The tax revenue lost by eliminating these two provisions would be offset by a new excise tax on share buybacks, where public companies buy their own shares on the open market to reduce the amount publicly available and raise the price.
Schumer said he “hated” the buyback because the money companies spend on it could otherwise be spent on job creation or research and development.
The excise tax would bring in $74 billion, he said, and should be encouraging to the progressive wing of the faction.
Those changes will bring in an additional $5 billion in revenue — reportedly the exact amount Sinema is seeking in additional drought-resilience funding.
The exact figure for drought-resilience spending was still up for debate among Senate Democrats Friday afternoon, but was expected to run into the billions of dollars, sources said.
“It’s Gonna Be Hell”
A handful of Senate Republicans criticized the bill from all angles during a media briefing Friday morning and indicated they would make the amendment process as painful as possible for Democrats.
All GOP senators are expected to oppose the bill on the floor.
Sen. Roger Marshall, an obstetrician from Kansas before joining the Senate, said changes to the bill allowing Medicare to negotiate the prices of certain prescription drugs would hurt drug development in the pharmaceutical industry.
“Why do they want to destroy the innovations that pharmaceuticals have given us and that have saved millions of lives?” Marshall said.
Sen. Bill Cassidy of Louisiana said the bill would do little to address inflation, despite the Democratic bill’s title, the Inflation Reduction Act.
Tax breaks for electric vehicles, for example, would have little impact on Louisiana residents struggling to fill their gas tanks, he said.
“If their prescription for high fuel prices is for someone to drive an electric vehicle, they have no understanding of the lives of these people that I represent,” he said. “People don’t drive 15-year-old pickups because they don’t want a new car. They don’t drive new cars because they can’t afford a new car. And high gas prices made it even worse.”
Sen. John Barrasso of Wyoming, the Republican on the Senate Energy and Natural Resources Committee, said the measure would raise energy costs that lead to inflation.
Democrats said clean energy spending in the bill would lower energy bills. The measure also includes provisions to encourage fossil fuel development negotiated with Schumer by moderate West Virginia Democratic Sen. Joe Manchin III.

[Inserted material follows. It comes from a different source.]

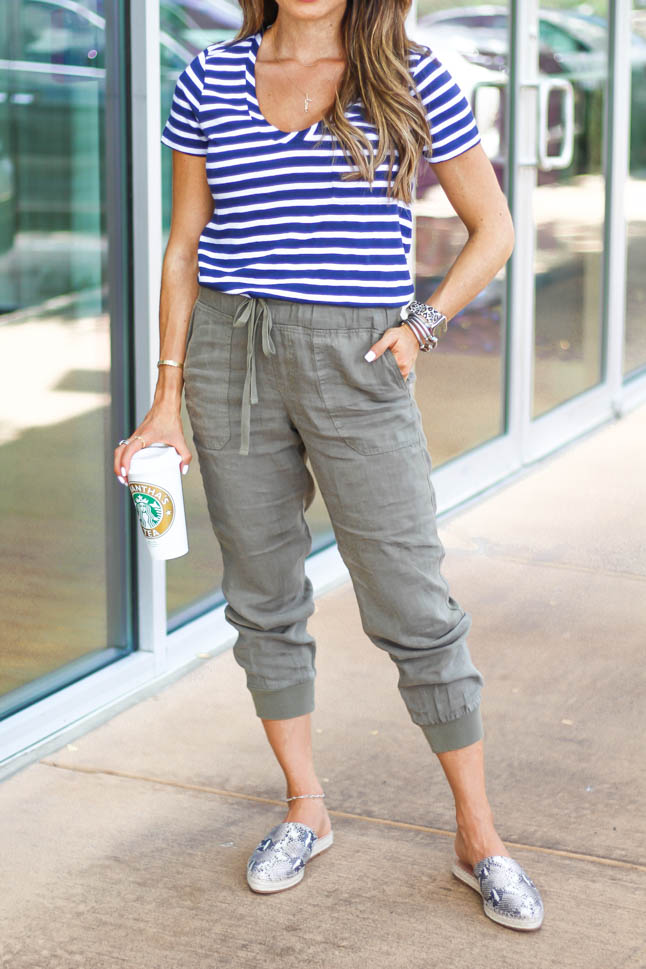 fashion and lifestyle blogger samantha belbel of adoubledose.com wearing olive green linen joggers with a striped short sleeved tee and snakeskin mules from Nordstrom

Republicans will offer amendments to the “energy, inflation, border and crime” bill to force Democrats into tough votes, said Barrasso, the No. 3 member of House Republican leadership.
Sen. Lindsey Graham of South Carolina said Democrats “deserve” a tough streak because they outlasted Republicans to win GOP support for a semiconductor stimulus bill while maintaining a Democrat-only spending bill.

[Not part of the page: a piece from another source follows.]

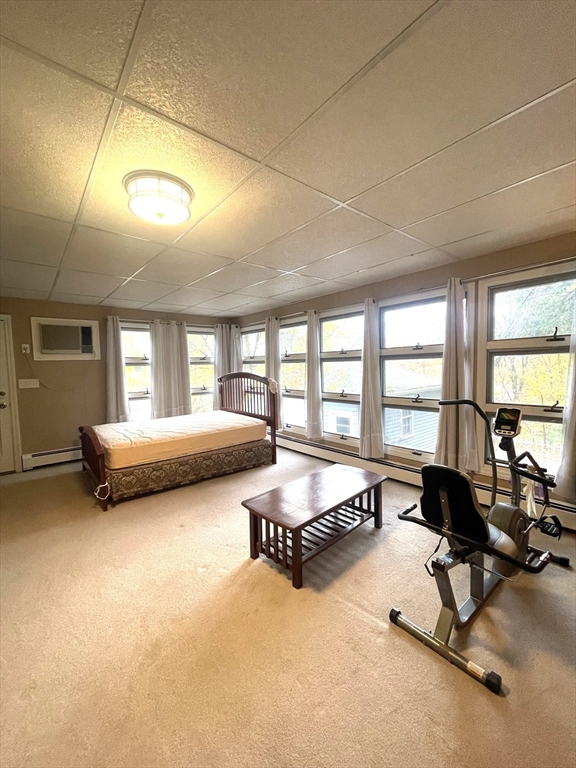 41 Hardwick Street, Unit 1 Boston, MA 02135 - Photo 6 of 11 a living room with furniture gym equipment and a large window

Minority Leader Mitch McConnell indicated he would not support the semiconductor bill if Democrats still plan to pursue a reconciliation bill. But several Republicans voted for the measure last week, only to see the 725-page Schumer-Manchin bill released hours later.
“So what’s the vote-a-rama going to be?” Graham said. “It’s going to be hell.”
Schumer said the Senate will convene on Saturday to begin consideration of the bill.
The Senate lawmaker, the official tasked with determining whether each section of the bill can be considered under the reconciliation process reserved for legislation with a major impact on the federal budget, was still reviewing the measure Friday.
After the Senate votes to debate the bill, expected Saturday afternoon, the chamber will have 20 hours to debate it, then unlimited time to consider fast-paced amendments in what’s called a “frame vote.”
The final vote is expected on Sunday or Monday. House Majority Leader Steny Hoyer of Maryland said the House would return from recess on Aug. 12 to consider the bill.